It wasn’t my undeniable, unresolved childhood trauma. The images of my mother and father using needles “secretly” around me and my sister.
It couldn’t have been the adult I was rushed into by having a child so young.
No, it sure couldn’t have been the depression and emptiness I felt as I watched my mother die before my eyes from years of her own battle of addiction.
Nor could it be the thought of my fathers suicide and the image of the very bridge he jumped from.
No my addiction started and ENDED with me.
All of these traumas were just chapters of my life story. These things didn’t have to define me.

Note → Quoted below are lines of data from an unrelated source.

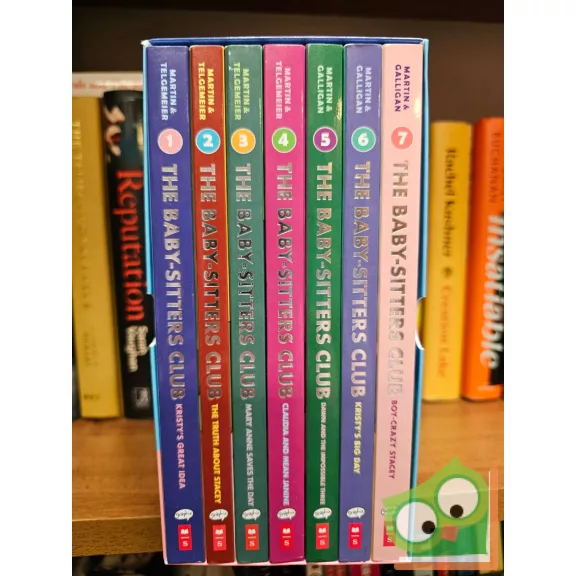 Ann M. Martin: Babysitters Club Graphix #1-7 Box Set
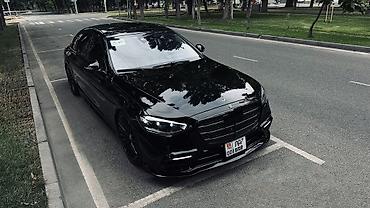 pir: Mercedes-Benz S-Class: 2023 г., 4 л, Автомат, Бензин, Седан — 4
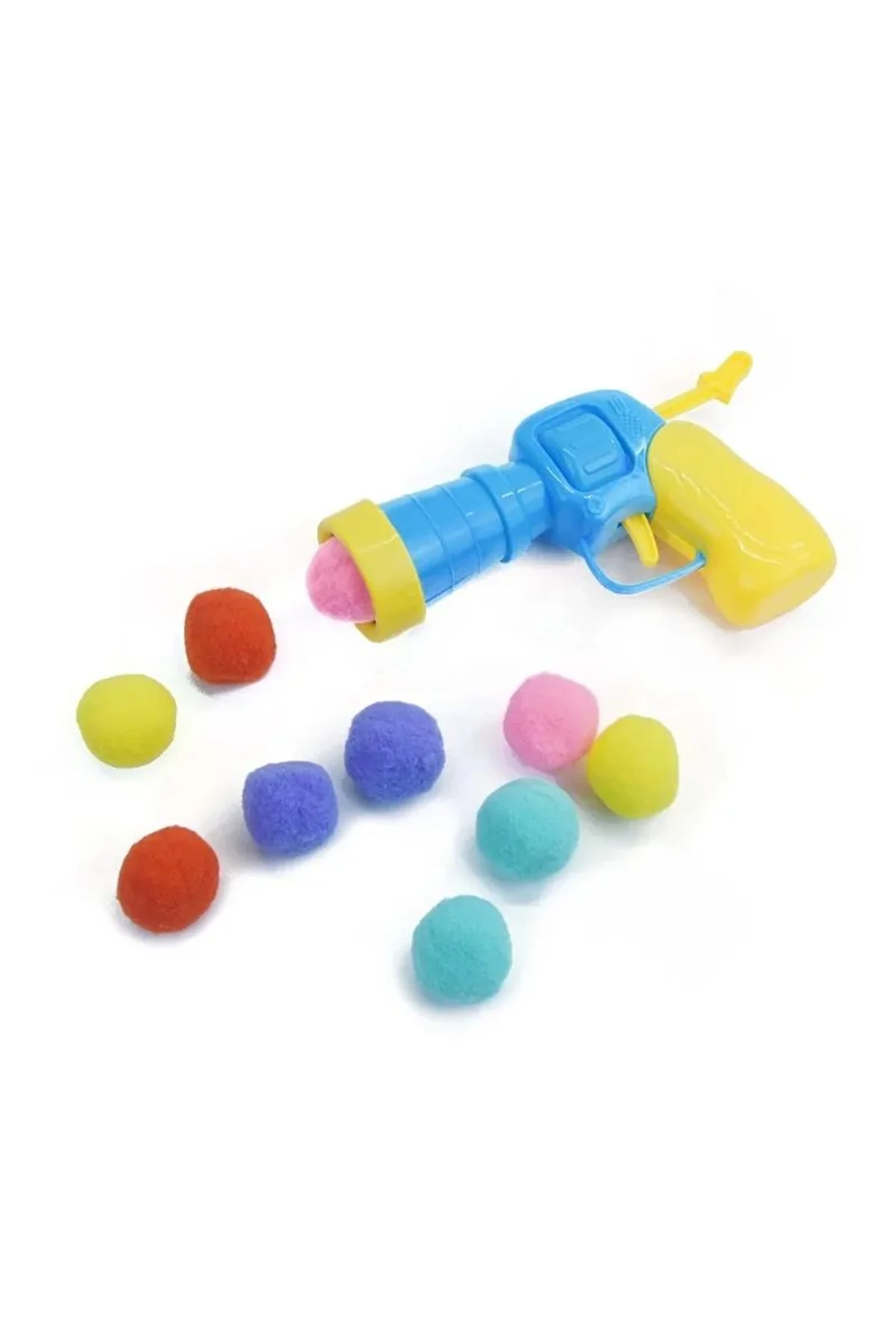 Peluş Top Atan İnteraktif Kedi Oyuncağı - Just Cheap Store Görsel 3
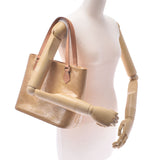 LOUIS VUITTON Louis Vuitton Verni Houston Tote Bag Beige M91004 Ladies Monogram Verni Handbag B Rank Used Ginzo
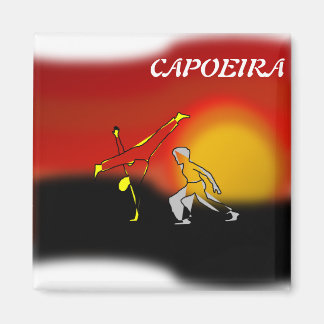 Magneten Capoeira Martial Arts As Ginga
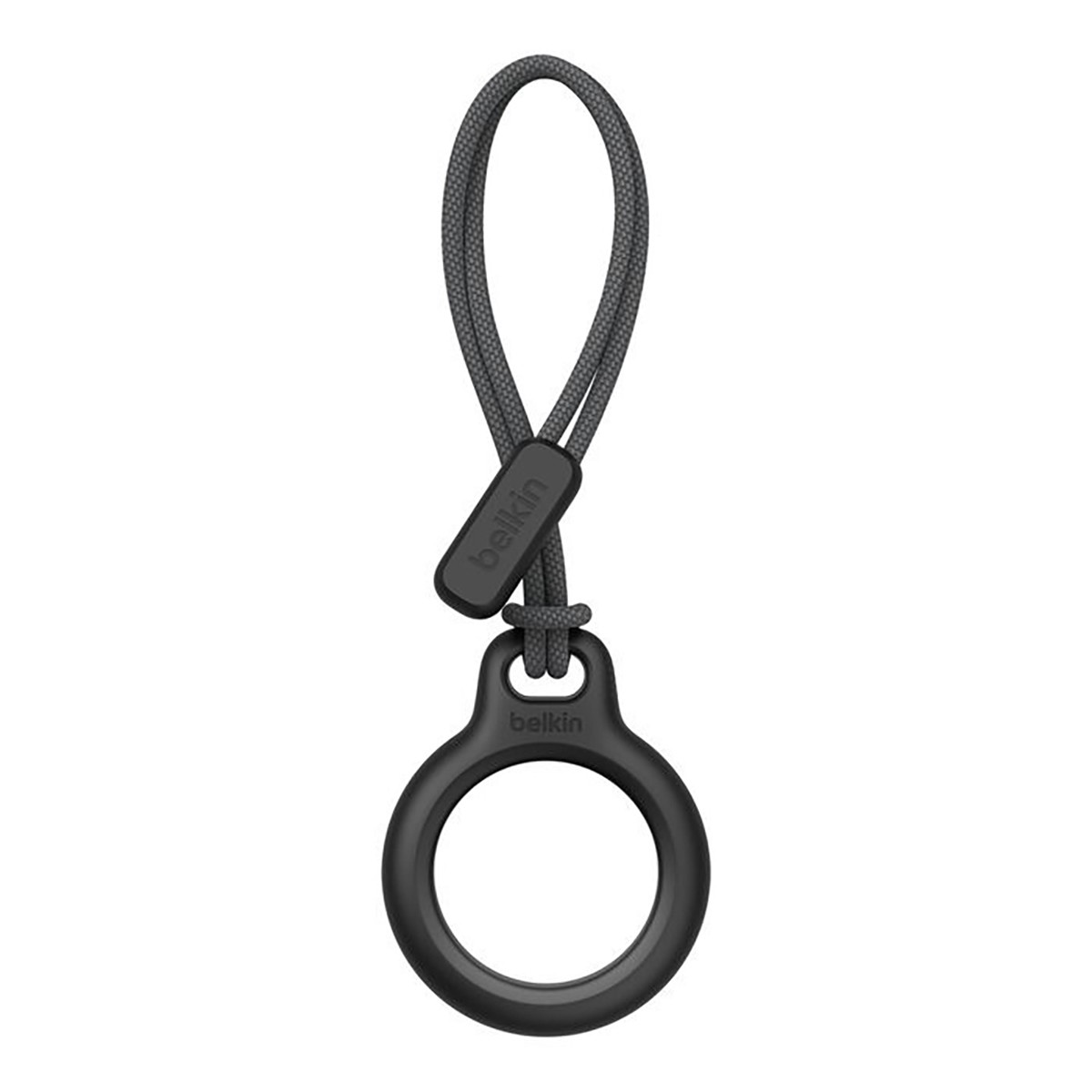 Belkin Secure Holder with Strap for Apple AirTag, Black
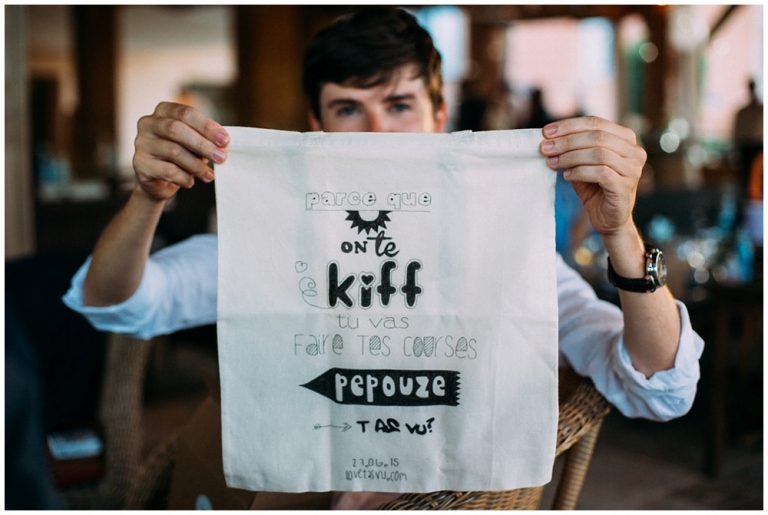 Mariage au Château de Loubejac, L' honor de cos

I let these images and emptiness in because its all I ever knew. I indulged in reckless behavior and years of addiction because I was comfortable there.

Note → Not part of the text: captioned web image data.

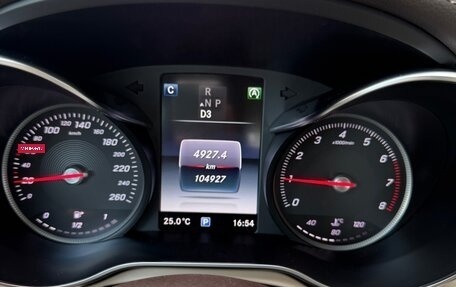 Mercedes-Benz C-Класс, 2017 год, 3 150 000 рублей, 10 фотография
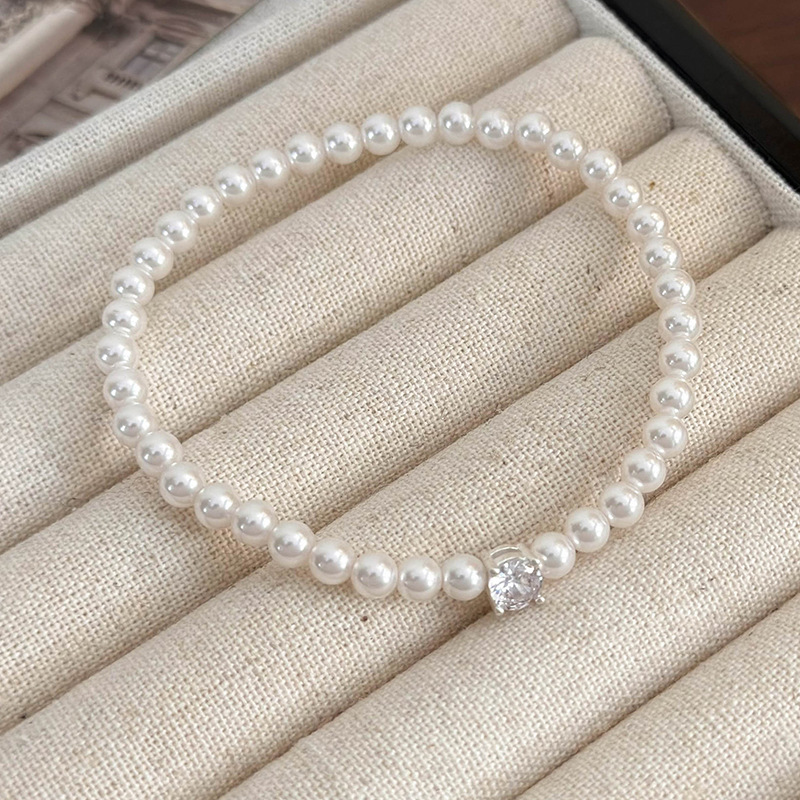 Bracciale Perle e Zirconi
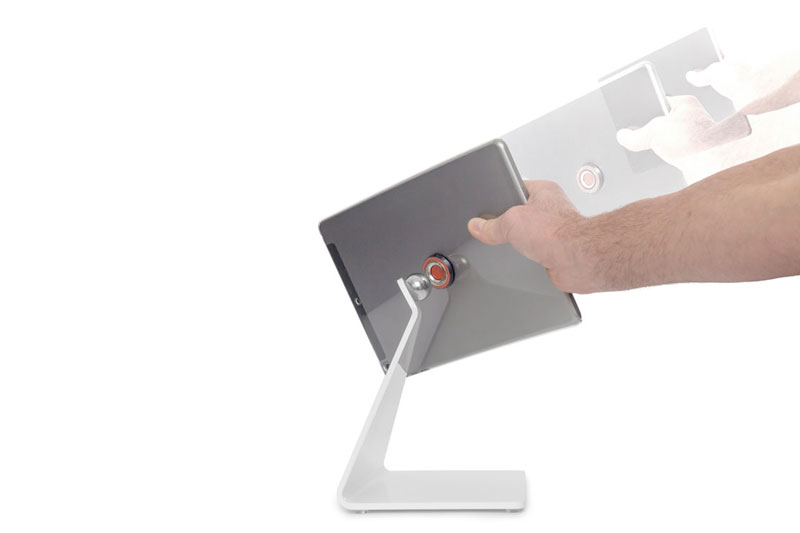 acryl iPad handhabung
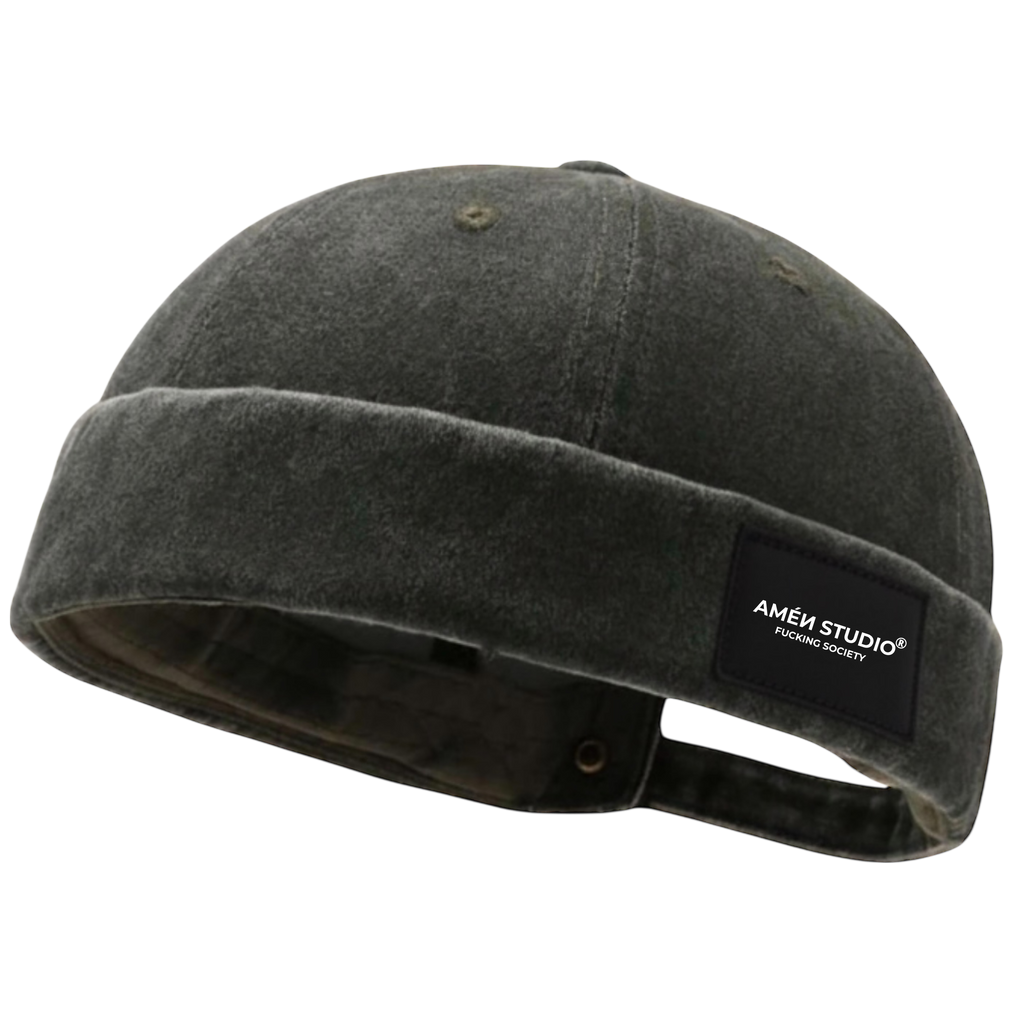 Iconic Black Beannie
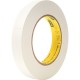 Scotch Flatback Write-On Paper Tape - 20 yd Length x 0.75" Width - 3" Core - Paper - 6.70 mil - Rubber Backing - For Shelf Label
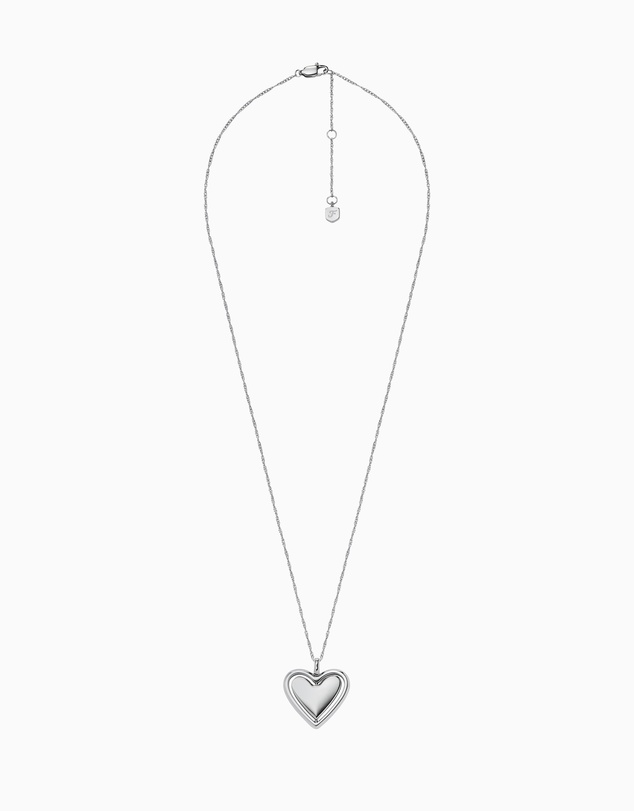 Fossil - Jewelry Silver Tone Necklace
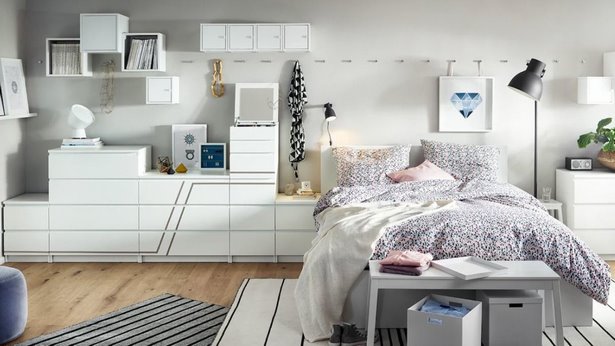 Ikea ideen für schlafzimmer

Guilt wasn’t enough for me to stop. There was not a single soul on this earth that was going to help me stop.
Why does it take us so long to realize we deserve better?
That WE deserve to be undeniably happy with the person we are.
We’re comfortable in our addiction and chaotic life. We think we have it “all under control.”
We do not.
I often wonder what I look like from others prospective now. Sober me.
I was so confident as an addict. Untouchable, careless and wild. But I wasn’t happy.
Today, sober and nearing 30, not as confident but my soul is at peace. I’m not fighting the same demons I once was for so many years. I’m not rushing through life with anxiety because my dealer won’t answer a text or call.
I’ve let that little girl inside me with so much trauma and heartache finally go to rest.
It’s time for this new chapter of life to be fulfilling and breathtaking and not rushed.